Los dos grandes temas para los electores mexicanos, desde hace un par de años, son corrupción e inseguridad. A ello lograron sumar, gracias a una campaña de redes, la idea de que la economía funciona muy mal, para con ello argumentar que México nunca había estado peor que bajo la administración que está en sus últimas semanas. Ya han reconocido los responsables de la transición que México es 'un oasis' entre las economías emergentes, de forma que regresamos a los dos temas iniciales.
En materia de inseguridad, no parecen tener una idea clara de lo que van a hacer. Tal vez legalizar la mariguana y algunos usos de la amapola, que dudo que reduzca el crimen organizado de manera importante. Si no logran definir una estrategia adecuada, es muy posible que 2019 sea aún más violento que 2018, por la simple tendencia que hemos visto desde mediados de 2015.
Eso deja a la corrupción como el eje, y a eso parece enfocarse la nueva administración. Una gran cantidad de medidas ocurrentes han sido anunciadas, desde vender el avión presidencial hasta bajar sueldos de funcionarios y aumentarles la jornada, pasando por reducción de personal de confianza en el gobierno, no vivir en Los Pinos y otras medidas cosméticas, pero muy vendibles para las masas votantes.
La atención a estas ocurrencias no permite ver el profundo proceso de transformación política que vivimos. Después de un par de décadas de democracia y descentralización, nos regresamos a la concentración de poder. Un buen ejemplo es el anuncio de acabar con los delegados federales en los estados, reduciendo el nivel a subdelegados (con menos sueldo, equipo, etcétera). Esos subdelegados ahora trabajarán bajo un coordinador de delegaciones en cada entidad. Ya hay muchos que creen que esto es una propuesta para reducir costos y corrupción, cuando en realidad se trata de la concentración del poder en una sola persona. Con un poco de suerte, el fin del federalismo.
La creación de las mencionadas coordinaciones generales en los estados, que podría sonar a una simple medida administrativa en otras circunstancias, no lo es hoy, cuando una parte no menor de los gobernadores perdieron por completo el control político de su entidad. De los doce estados gobernados por priistas, en siete de ellos el gobernador (gobernadora en Sonora) es ya una figura decorativa. En Campeche, Colima, Guerrero, Hidalgo, Estado de México, Oaxaca, Sinaloa, Sonora y Tlaxcala, el PRI perdió la elección para Senado, todos los distritos para diputados de mayoría (salvo Edomex, donde ganaron tres de 41), y la mayoría del Congreso local. Apenas se salvaron en Coahuila, porque no hubo elección de diputados locales, San Luis Potosí (el PRI gana 43 por ciento de las diputaciones federales) y Zacatecas (el PRI tiene una cuarta parte).
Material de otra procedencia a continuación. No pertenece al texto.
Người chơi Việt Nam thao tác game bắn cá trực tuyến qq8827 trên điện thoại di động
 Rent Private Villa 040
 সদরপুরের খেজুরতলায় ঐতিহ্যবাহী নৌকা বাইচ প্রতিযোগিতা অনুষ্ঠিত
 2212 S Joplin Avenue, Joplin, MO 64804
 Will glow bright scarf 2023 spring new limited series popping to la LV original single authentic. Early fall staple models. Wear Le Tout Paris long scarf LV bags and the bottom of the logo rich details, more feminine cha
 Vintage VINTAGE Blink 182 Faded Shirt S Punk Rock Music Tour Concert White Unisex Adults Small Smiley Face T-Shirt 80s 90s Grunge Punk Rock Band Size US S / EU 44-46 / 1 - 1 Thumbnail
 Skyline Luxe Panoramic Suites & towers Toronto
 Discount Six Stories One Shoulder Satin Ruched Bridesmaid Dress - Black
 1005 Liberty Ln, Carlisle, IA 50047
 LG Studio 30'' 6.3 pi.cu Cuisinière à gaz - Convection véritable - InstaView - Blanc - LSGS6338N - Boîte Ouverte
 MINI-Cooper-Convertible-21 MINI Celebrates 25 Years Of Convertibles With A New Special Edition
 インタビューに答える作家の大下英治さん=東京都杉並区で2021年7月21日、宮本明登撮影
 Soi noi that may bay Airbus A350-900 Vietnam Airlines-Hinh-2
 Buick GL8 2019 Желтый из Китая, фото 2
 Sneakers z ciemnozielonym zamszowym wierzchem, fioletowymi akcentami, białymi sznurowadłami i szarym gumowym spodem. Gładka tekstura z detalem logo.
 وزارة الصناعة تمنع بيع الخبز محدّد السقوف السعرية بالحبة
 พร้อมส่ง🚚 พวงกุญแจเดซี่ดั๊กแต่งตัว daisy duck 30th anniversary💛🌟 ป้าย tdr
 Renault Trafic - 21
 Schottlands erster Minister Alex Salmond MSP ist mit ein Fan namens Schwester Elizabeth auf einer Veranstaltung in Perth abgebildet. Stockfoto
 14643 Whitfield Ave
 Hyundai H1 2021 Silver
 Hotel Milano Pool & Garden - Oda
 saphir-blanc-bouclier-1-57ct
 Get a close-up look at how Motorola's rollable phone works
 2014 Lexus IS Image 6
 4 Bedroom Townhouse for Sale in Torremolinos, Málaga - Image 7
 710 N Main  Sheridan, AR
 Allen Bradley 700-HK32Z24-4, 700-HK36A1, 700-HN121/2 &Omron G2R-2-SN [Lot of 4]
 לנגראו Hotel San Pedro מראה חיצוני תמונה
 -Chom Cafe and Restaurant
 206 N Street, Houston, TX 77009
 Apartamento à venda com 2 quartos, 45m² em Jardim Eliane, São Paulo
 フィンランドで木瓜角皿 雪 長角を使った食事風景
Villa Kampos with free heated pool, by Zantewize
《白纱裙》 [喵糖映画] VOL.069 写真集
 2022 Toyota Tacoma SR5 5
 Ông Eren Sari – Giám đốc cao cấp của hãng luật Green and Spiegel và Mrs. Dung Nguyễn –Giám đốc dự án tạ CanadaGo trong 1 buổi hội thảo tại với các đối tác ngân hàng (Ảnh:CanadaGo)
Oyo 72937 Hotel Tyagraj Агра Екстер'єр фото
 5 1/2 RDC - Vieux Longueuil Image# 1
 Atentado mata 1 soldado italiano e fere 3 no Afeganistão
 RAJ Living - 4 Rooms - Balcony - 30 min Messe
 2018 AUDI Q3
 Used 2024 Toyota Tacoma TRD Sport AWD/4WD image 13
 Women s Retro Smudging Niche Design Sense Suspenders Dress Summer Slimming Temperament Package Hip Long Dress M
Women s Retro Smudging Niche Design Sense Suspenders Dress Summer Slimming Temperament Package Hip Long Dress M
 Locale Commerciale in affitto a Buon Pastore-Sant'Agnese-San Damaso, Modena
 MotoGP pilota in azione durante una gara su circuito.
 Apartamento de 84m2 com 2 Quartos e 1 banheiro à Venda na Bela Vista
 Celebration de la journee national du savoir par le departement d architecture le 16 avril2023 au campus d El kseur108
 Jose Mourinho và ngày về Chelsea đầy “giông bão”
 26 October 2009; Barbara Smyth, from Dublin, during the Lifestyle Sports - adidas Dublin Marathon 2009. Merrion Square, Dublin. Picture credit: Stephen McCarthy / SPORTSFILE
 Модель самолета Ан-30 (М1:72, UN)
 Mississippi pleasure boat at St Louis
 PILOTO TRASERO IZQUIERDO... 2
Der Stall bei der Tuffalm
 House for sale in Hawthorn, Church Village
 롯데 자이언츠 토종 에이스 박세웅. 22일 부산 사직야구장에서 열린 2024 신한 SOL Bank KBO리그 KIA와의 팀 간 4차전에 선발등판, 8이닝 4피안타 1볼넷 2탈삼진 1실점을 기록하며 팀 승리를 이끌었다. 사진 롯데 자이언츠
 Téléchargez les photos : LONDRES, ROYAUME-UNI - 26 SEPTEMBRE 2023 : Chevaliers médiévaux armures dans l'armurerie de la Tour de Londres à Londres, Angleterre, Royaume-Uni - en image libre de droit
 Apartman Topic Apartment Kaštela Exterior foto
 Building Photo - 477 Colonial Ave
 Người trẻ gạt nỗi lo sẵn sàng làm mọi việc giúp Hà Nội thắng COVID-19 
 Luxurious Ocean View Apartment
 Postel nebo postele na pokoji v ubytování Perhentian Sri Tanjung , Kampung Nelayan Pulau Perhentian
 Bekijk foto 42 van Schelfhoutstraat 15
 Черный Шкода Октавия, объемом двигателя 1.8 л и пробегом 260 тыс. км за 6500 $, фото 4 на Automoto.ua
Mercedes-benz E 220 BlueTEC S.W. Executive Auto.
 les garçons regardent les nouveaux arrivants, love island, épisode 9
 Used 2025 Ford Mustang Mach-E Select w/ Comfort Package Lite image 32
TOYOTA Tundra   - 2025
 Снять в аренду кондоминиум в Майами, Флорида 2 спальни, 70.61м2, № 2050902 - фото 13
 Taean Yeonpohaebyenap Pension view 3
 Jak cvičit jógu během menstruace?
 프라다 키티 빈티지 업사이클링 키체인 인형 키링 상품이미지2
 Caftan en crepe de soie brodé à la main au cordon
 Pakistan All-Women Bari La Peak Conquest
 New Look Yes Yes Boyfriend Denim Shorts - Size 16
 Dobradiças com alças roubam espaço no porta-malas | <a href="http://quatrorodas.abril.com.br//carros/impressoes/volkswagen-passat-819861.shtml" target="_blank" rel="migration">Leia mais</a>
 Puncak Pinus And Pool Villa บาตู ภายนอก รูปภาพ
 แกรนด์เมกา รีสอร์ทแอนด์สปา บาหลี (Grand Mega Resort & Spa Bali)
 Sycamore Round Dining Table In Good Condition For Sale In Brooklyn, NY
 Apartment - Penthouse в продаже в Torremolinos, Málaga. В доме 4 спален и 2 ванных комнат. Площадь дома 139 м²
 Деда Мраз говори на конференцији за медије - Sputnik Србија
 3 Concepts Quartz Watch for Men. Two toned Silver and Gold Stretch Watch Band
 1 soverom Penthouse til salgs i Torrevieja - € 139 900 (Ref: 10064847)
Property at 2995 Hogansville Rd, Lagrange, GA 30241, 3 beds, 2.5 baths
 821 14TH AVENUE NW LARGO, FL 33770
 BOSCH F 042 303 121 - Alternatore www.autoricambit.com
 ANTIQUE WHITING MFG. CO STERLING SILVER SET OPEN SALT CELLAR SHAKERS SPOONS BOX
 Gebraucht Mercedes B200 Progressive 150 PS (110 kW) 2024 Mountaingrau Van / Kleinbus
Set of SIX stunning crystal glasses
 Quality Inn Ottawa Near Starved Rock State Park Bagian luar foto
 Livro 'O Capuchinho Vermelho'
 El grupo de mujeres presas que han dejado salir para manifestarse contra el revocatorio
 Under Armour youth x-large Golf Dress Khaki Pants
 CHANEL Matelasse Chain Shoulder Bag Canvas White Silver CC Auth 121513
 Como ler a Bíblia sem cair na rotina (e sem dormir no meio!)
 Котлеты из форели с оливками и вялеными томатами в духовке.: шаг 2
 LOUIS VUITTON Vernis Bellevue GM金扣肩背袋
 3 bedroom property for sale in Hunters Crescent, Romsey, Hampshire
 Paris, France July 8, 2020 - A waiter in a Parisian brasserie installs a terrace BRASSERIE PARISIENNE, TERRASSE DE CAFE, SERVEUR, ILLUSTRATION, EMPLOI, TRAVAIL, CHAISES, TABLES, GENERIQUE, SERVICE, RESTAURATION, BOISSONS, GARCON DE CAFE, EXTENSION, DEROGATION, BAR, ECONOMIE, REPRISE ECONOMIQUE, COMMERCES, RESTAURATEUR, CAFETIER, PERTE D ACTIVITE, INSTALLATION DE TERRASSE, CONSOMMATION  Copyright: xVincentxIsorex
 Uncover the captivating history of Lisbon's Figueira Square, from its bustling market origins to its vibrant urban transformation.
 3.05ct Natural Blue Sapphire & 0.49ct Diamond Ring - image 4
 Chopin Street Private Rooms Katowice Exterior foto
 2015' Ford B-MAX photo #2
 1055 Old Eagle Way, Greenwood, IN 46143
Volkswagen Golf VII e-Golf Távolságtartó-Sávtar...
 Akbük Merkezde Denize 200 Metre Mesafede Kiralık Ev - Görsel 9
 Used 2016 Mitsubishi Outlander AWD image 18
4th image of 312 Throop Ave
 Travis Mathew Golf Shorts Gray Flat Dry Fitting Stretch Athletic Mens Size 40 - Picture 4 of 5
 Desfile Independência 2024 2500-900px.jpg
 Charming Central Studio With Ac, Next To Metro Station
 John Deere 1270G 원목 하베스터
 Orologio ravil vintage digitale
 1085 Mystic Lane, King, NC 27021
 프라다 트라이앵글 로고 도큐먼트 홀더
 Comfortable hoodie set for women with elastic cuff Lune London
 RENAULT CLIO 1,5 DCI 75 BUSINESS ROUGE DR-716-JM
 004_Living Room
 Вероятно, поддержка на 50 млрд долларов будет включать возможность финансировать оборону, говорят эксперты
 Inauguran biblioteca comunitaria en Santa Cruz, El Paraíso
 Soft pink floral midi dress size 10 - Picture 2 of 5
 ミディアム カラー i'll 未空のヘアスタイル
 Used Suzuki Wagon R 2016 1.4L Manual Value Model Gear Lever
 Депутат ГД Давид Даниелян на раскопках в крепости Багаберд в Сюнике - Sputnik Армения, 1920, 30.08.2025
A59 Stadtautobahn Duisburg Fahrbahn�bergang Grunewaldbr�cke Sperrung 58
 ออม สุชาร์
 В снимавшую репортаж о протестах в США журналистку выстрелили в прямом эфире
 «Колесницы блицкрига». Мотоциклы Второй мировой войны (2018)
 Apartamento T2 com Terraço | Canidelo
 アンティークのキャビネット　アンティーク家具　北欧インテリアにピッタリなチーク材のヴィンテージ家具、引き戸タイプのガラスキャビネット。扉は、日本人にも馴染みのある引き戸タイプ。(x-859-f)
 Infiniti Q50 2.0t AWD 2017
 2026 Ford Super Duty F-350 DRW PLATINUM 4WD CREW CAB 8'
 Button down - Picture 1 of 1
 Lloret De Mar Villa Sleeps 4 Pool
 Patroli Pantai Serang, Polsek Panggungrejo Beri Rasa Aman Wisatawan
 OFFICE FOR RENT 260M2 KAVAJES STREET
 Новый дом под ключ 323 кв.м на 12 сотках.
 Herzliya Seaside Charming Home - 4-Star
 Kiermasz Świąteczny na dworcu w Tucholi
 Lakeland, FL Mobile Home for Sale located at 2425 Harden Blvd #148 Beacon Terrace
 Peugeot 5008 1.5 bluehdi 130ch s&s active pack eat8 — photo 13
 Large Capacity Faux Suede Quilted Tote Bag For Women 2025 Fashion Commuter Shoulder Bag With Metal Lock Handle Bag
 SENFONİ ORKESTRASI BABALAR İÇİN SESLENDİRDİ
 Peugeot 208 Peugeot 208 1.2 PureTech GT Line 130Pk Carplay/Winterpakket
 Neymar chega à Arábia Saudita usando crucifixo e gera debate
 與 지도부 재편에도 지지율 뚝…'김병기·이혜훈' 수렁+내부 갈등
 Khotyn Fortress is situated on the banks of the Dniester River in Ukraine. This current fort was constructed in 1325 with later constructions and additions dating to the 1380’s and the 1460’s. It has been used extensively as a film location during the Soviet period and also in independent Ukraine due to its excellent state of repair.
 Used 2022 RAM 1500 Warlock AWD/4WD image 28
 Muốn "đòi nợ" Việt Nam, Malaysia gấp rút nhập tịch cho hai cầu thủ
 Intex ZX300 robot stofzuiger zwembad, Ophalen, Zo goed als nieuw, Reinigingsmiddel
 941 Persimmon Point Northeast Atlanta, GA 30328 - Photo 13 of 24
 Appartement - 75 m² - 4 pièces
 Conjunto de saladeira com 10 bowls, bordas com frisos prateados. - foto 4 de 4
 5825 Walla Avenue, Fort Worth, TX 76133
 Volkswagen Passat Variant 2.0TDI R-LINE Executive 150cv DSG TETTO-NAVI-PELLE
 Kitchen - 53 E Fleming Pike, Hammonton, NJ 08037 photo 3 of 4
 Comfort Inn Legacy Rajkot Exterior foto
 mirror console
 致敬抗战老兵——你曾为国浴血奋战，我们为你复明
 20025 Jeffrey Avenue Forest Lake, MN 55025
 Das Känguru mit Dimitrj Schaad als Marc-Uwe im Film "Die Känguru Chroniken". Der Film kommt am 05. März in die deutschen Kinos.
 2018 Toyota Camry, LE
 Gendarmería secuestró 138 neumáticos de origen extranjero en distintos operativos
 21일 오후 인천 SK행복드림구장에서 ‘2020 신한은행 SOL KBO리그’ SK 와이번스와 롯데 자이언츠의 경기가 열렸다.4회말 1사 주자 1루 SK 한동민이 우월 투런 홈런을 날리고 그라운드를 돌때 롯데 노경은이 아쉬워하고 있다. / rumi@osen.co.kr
En el caso del PAN, ocurre lo mismo en las dos Bajas, Nayarit, Puebla y Quintana Roo. Y de los tres estados gobernados por otras fuerzas, sólo Jalisco parece tener un gobernador con algo de fuerza, mientras Michoacán y Nuevo León repiten la situación mostrada en los 14 estados mencionados antes.
En suma, además de los cinco estados que gana Morena, tiene gobernadores débiles en 16 entidades. En ellas, casi toda la fuerza política del estado es del mismo partido de donde provendrá el coordinador general. En los hechos, un jefe político como el que usaba Porfirio para dividir y gobernar. Algo también parecido a la estructura corporativa creada por Cárdenas con el mismo fin: líderes de las corporaciones versus líderes territoriales en todo el país.
Se vende como lucha contra la corrupción, pero es simple concentración unipersonal del poder.